International seminar seeks diversity

By Jaime Winston, Staff Writer

Students who entered the U before fall 2007 don’t need to fulfill the international general education requirement if they graduate before 2013, but Tori Ballif did it anyway.

“What happens in other countries affects us,” said Ballif, a senior in history. “I think if you ignore that, you are doing yourself a disadvantage no matter what field you’re going into.”

Ballif participated in the International Leadership Academy, a seminar course that fulfills the international requirement. The class matches students with international leaders in the community, brings in guests to speak about international topics and requires students to complete an international project on campus.
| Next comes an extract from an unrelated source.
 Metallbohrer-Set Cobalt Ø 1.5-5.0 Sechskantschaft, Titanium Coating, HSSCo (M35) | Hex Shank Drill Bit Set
Most of the students who were in the course when it first opened last spring were majoring in international studies, said Howard Lehman, a political science professor who teaches the class. Lehman said he wants to bring in more students from other disciplines this year, even if they do not need the general requirement.
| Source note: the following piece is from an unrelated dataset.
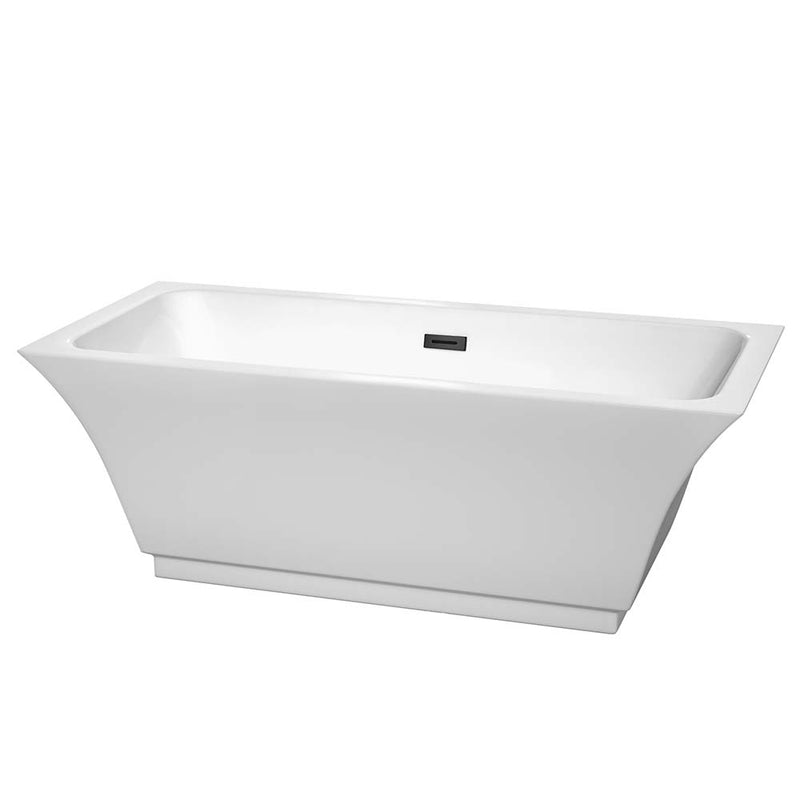 Galina 67 Inch Freestanding Bathtub in White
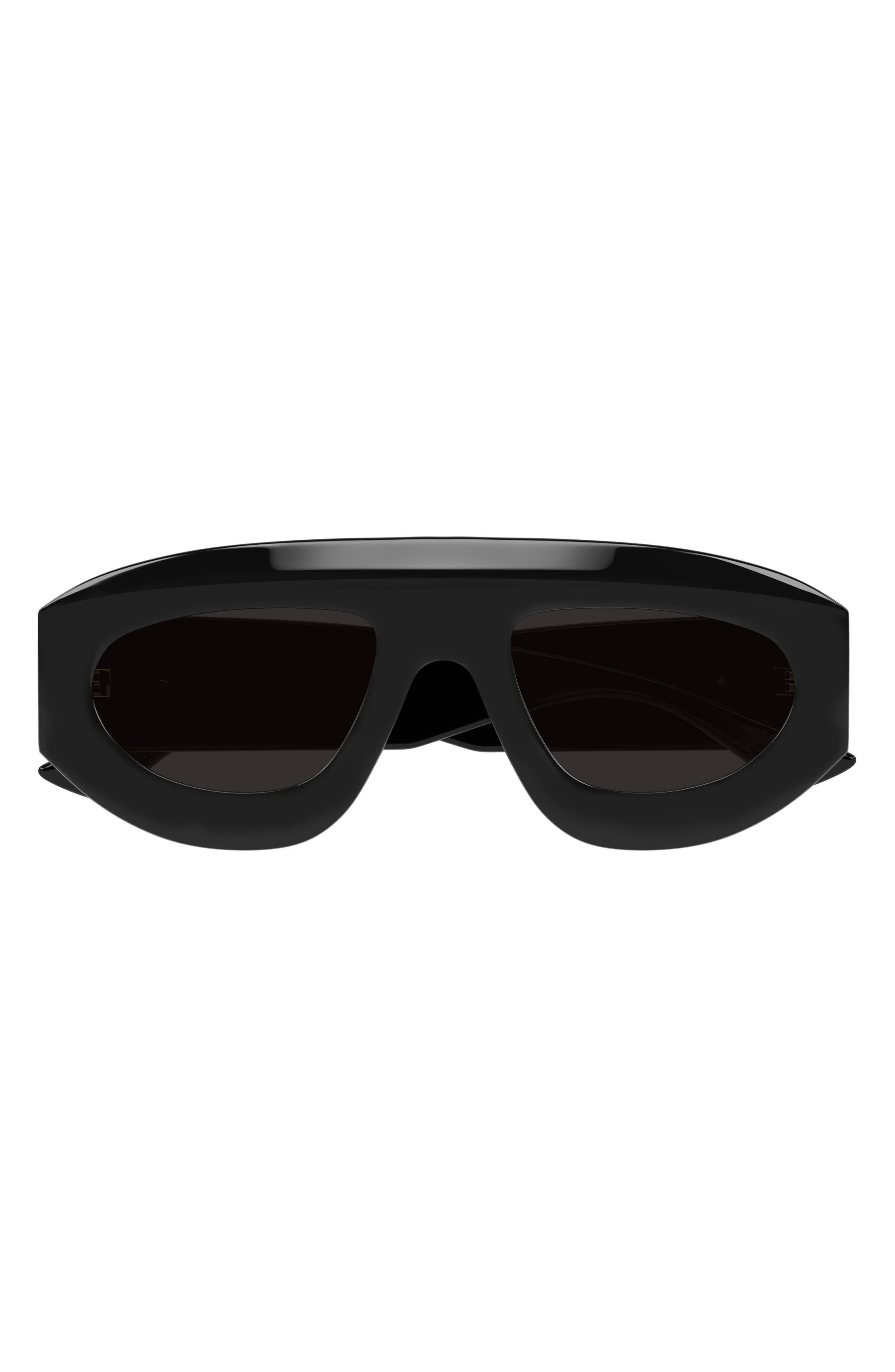 Bottega Veneta 52mm Geometric Sunglasses in Black at Nordstrom - 1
“Anyone can be a global leader,” he said. “We want a diverse range of students because there is a diverse range of international issues out there.”
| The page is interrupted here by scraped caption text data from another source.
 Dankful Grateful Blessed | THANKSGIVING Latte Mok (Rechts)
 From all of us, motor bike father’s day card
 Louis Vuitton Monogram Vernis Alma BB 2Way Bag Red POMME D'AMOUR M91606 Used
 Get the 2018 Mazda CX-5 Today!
To do this, Lehman and Anjali Hammond, the U’s associate director for international programs and services, will send letters out to deans around campus telling them about the course. They will also speak to the Undergraduate Advisory Council about ways to diversify the class.

“It brings together mentors, speakers and global international issues here in a landlocked state,” said Hammond, who helps administer the course. Hammond developed the idea for the course three years ago at a conference at Texas A&M University, which runs the Academy for Future International Leaders.

However, the U’s academy is different from the one at Texas A&M, Lehman said. Students need to apply for the program at Texas A&M, but the International Leadership Academy at the U will accept the first 24 students who register.

Lehman said they are looking for individuals who are interested in international issues to take this course.

Laura Chukanov, a senior in international studies, started a foreign film club project in the class last year. She said she has been interested in foreign films for a long time and the class gave her the chance to express it. She said she hopes to finish her work on the film club by the end of November

Chukanov also said she has gained more from the class than just the project.

“If you’re not sure what you want to major in, it’s a good networking opportunity,” she said. The class helped her decide that she no longer wants to pursue a career in law.

The course mentor, James Elegante, said he was impressed by the way Chukanov approached her project and the questions she asked him about international legal issues.

“Any student who really wants to function in the world better be able to do stuff across borders,” Elegante said.

Lehman said students will break into groups of three to initiate their projects this spring. The class, which gives elective credit to both honors and international studies students, will receive new texts and begin to focus more on globalization.

The U offers more than 50 international courses, said Amy Li, coordinator for the International Requirement Committee, which meets each semester to approve new courses. The committee approved three new classes this fall, Li said. Study abroad trips that include academic work could also count for the requirement.

However, Lehman said there is no other class at the U like the one he instructs.

“You can get into a position of international authority…even in Utah.”